In [None]:
from pyspark.context import SparkContext
from pyspark.sql import SparkSession
import pandas as pd 
pd.options.display.max_columns = 1000
sc = SparkContext.getOrCreate()
spark = SparkSession(sc)

### Person data

In [None]:
df_person = spark.read.parquet("scrape_wikidata/processed_data/step_1_one_line_per_person/page000_0_to_2000.parquet")
df_person.createOrReplaceTempView("df_person")
df_person.limit(2).toPandas()

### Names

In [None]:

df_names = spark.read.parquet("scrape_wikidata/raw_data/names/")
df_names.createOrReplaceTempView("df_names")
sql = """

with concat as (
select original_name, alt_name
from df_names
union all
select alt_name as original_name, original_name as alt_name
from df_names)

select distinct original_name, alt_name
from concat 

"""
df_names = spark.sql(sql)
df_names.createOrReplaceTempView("df_names")

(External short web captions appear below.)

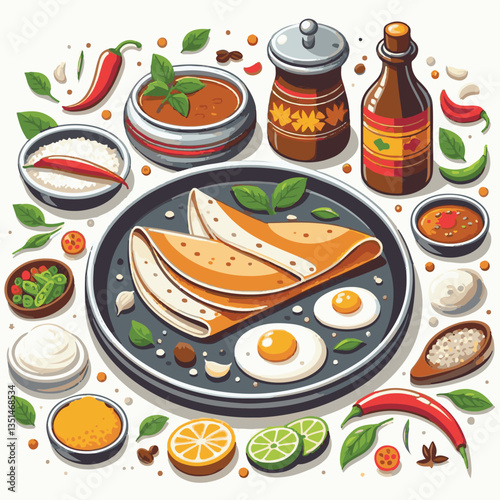 food, restaurant, indian, traditional, meal, masala, dosa, asian, cuisine, chutney, delicious, healthy, sambhar, spicy, breakfast, india, sambar, plate, curry, closeup, masala dosa, rice, dish, vegeta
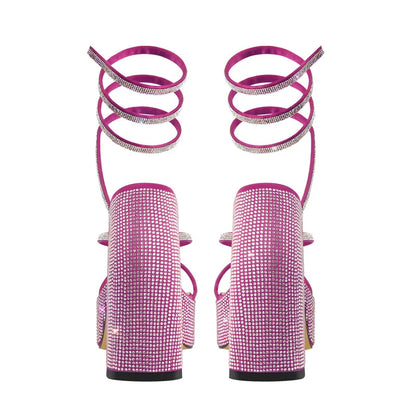 Sandales Queen Yilli (Fuchsia)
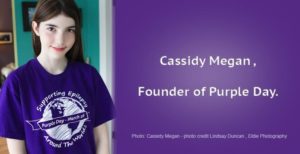 Epilepsy-day-founder -Cassidy Megan of Canada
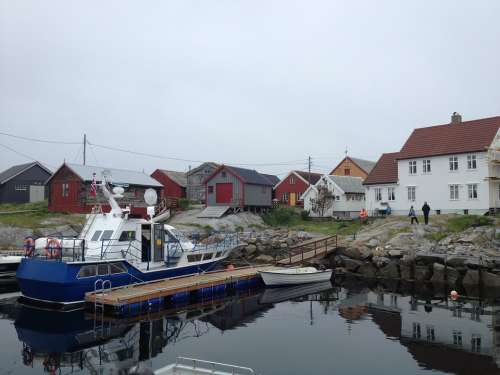 Grip Norway Island Boats Sea The Coastal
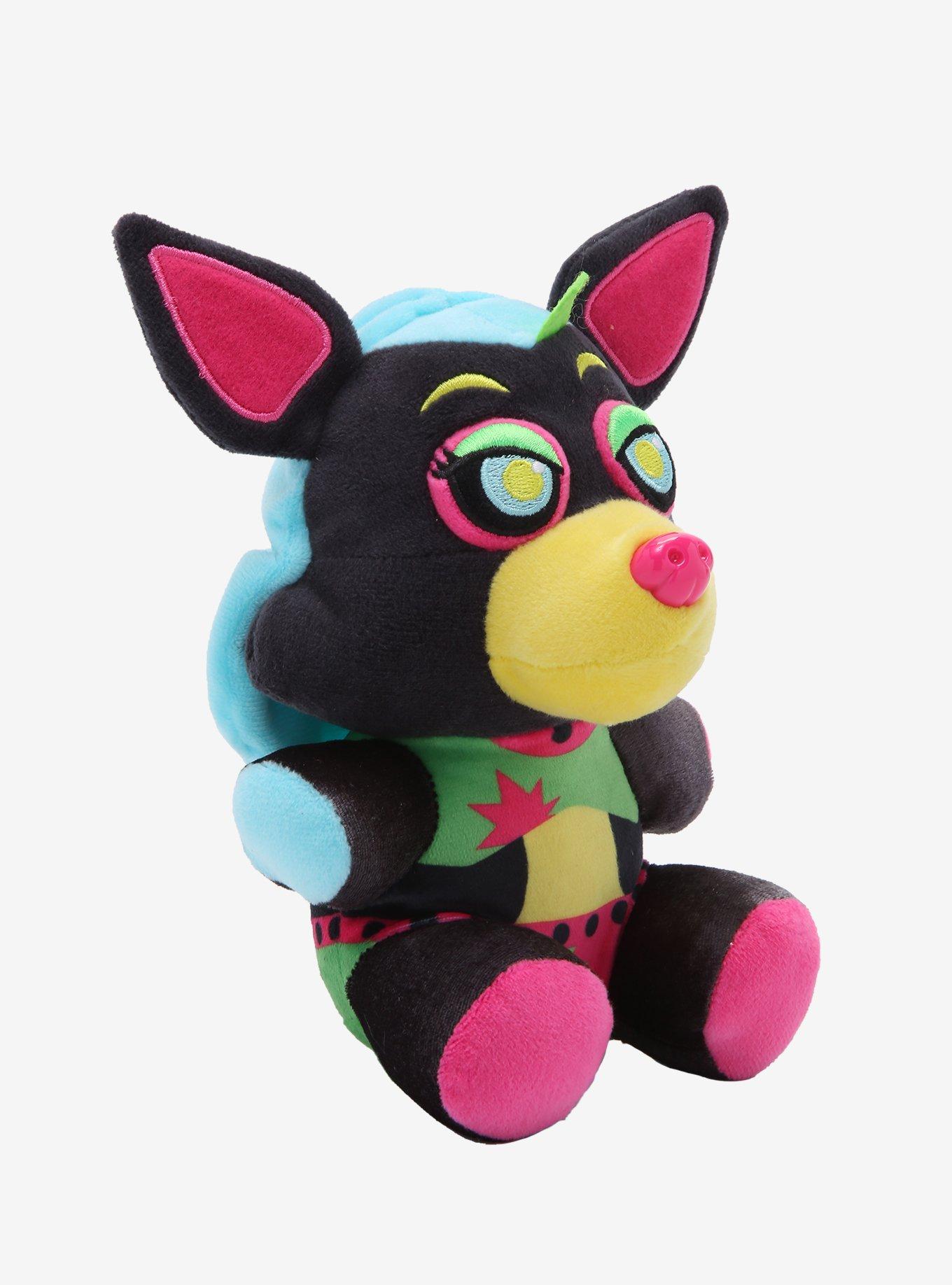 Funko Five Nights At Freddy's: Security Breach Blacklight Roxanne Wolf Plush Hot Topic Exclusive, , alternate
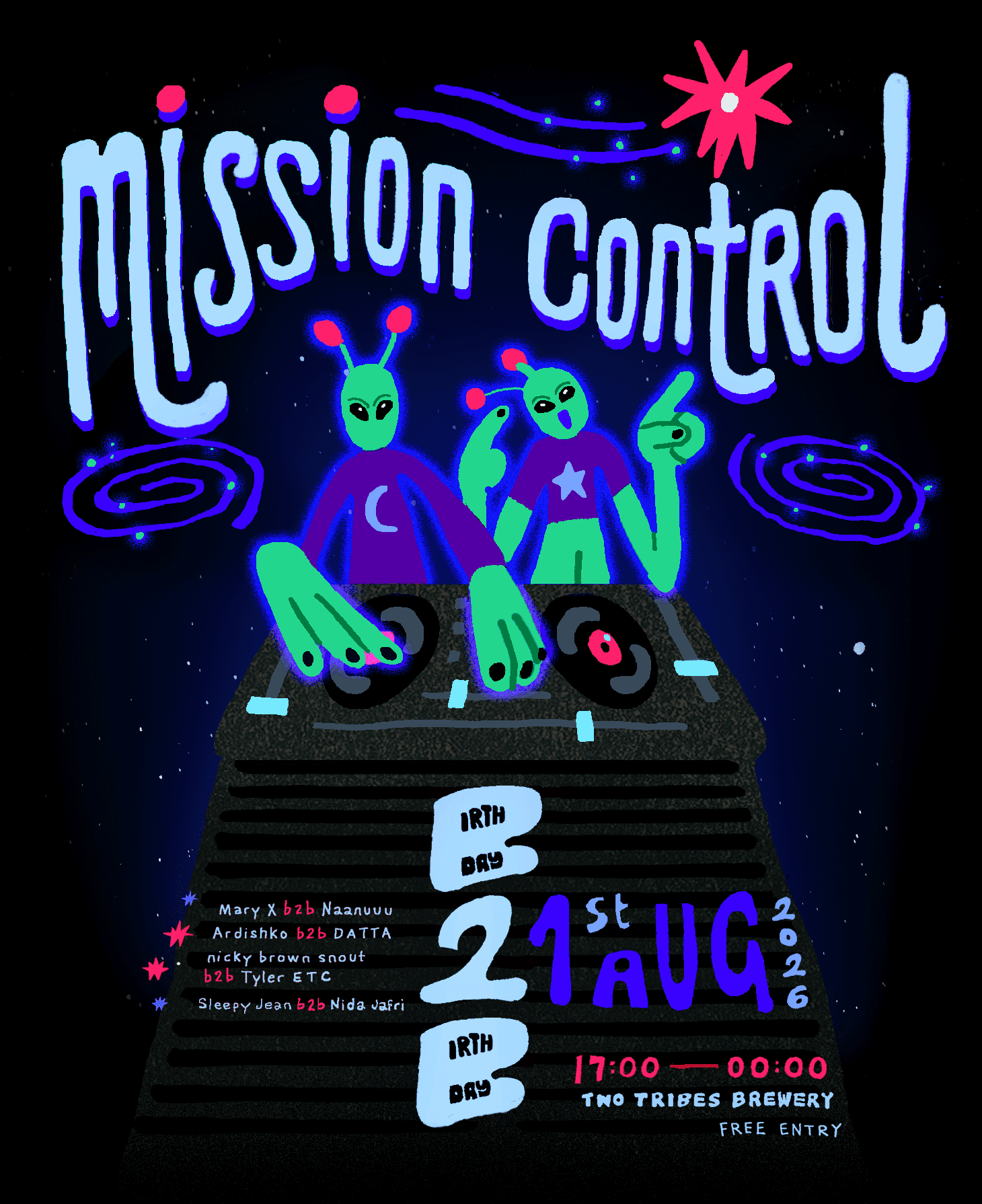 Mission Control: B2B (Birthday 2 Birthday)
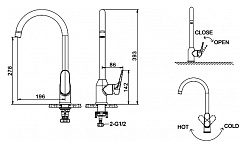 Promo Смеситель для кухни Eler F7191238CP-RUS – фотография-2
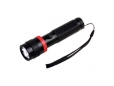 3 Watt LED Leuchte "Security schwarz/rot"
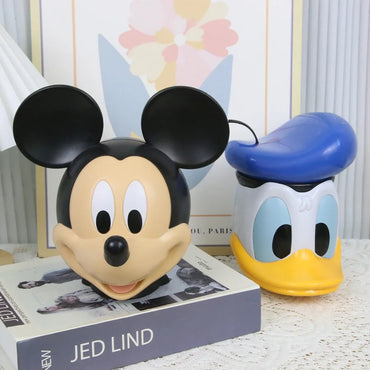 Mickey Mouse Donald Duck piggy bank coin can creative cartoon decoration ornament gift birthday gift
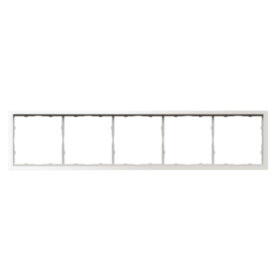 Рамка 5-я, матовый белый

df_freq_fn = spark.read.parquet("scrape_wikidata/processed_data/step_x_births_namrefreq/name_counts_from_births_register.parquet")
df_freq_fn = df_freq_fn.withColumnRenamed("forename", "name")
df_freq_sn = spark.read.parquet("scrape_wikidata/processed_data/step_x_births_namrefreq/surname_counts_from_births_register.parquet")
df_freq_sn = df_freq_fn.withColumnRenamed("surname", "name")
df_freq = df_freq_fn.union(df_freq_sn)
df_freq.createOrReplaceTempView("df_freq")
sql = """
select name, sum(count) as count
from df_freq
group by name
order by count desc
"""
df_freq = spark.sql(sql)
df_freq.createOrReplaceTempView("df_freq")



sql = """
select df_names.*, df_freq.count
from df_names
left join df_freq
on lower(df_names.alt_name) = lower(df_freq.name)
where df_freq.count > 5
"""
df_names = spark.sql(sql)

df_names.createOrReplaceTempView("df_names")

df_names = spark.sql("""



select original_name, collect_list(struct(alt_name, count)) as alt_names
from df_names
where alt_name rlike '^[A-Za-z]+$'
    
group by original_name
""")
df_names.createOrReplaceTempView("df_names")




In [None]:
df_names.count()

In [None]:
df_names.limit(3).toPandas()

### Person postcode lookup

In [None]:
df_point_postcode = spark.read.parquet("scrape_wikidata/processed_data/step_2_person_postcode_lookups/page000_0_to_2000.parquet")
df_point_postcode.createOrReplaceTempView("df_point_postcode")


sql = """
select person, collect_list(nearby_postcodes) as nearby_postcodes
from df_point_postcode
group by person

"""
df_point_postcode = spark.sql(sql)
df_point_postcode.createOrReplaceTempView("df_point_postcode")
df_point_postcode.limit(2).toPandas()

## Master data

In [None]:
spark.sql("select * from df_person where human = 'Q38082'").toPandas()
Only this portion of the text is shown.